DATASET CONTENT |
━━━━━━
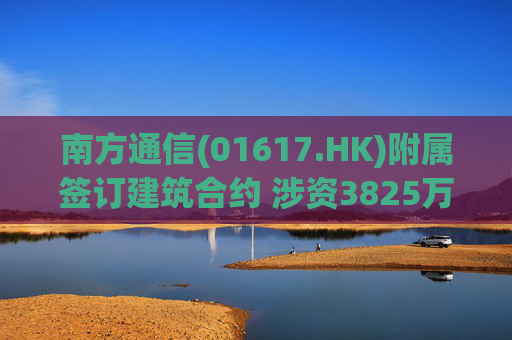 南方通信(01617.HK)附属签订建筑合约 涉资3825万元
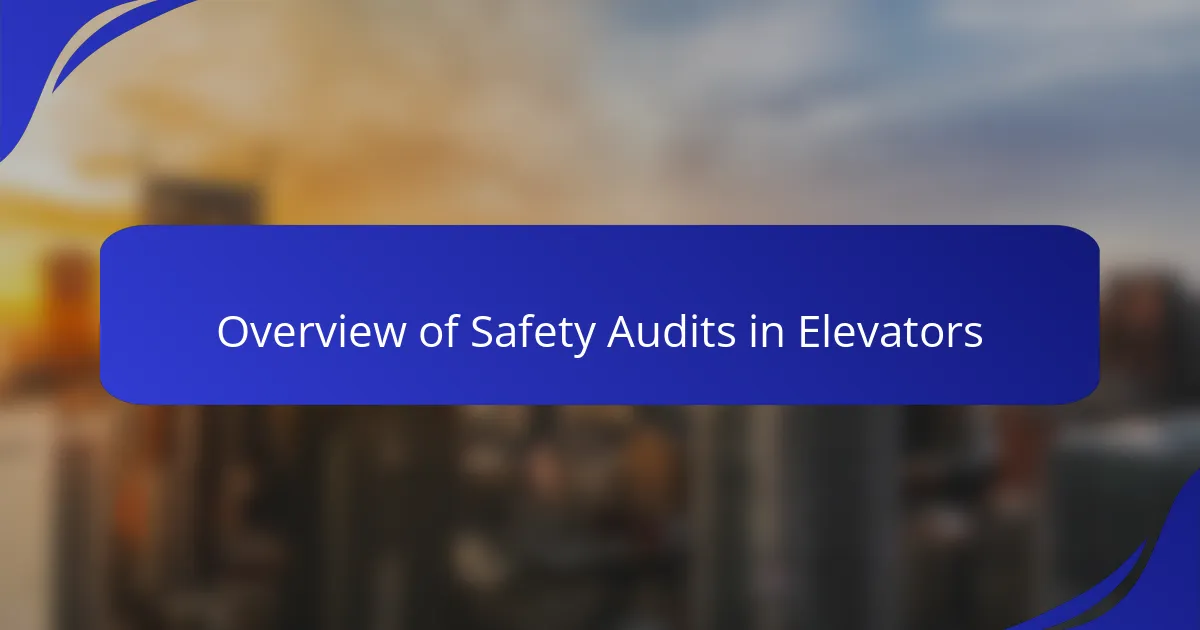 Overview of Safety Audits in Elevators
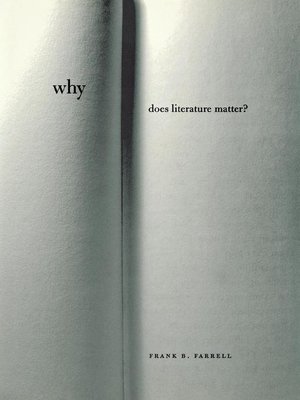 cover image of Why Does Literature Matter?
━━━━━━
When you reach the line containing "Overview of Safety Audits in Elevators" in the listing above, reproduce it and every line after it through the last, exactly; omit the pictures.

RESPONSE |
 Overview of Safety Audits in Elevators
 cover image of Why Does Literature Matter?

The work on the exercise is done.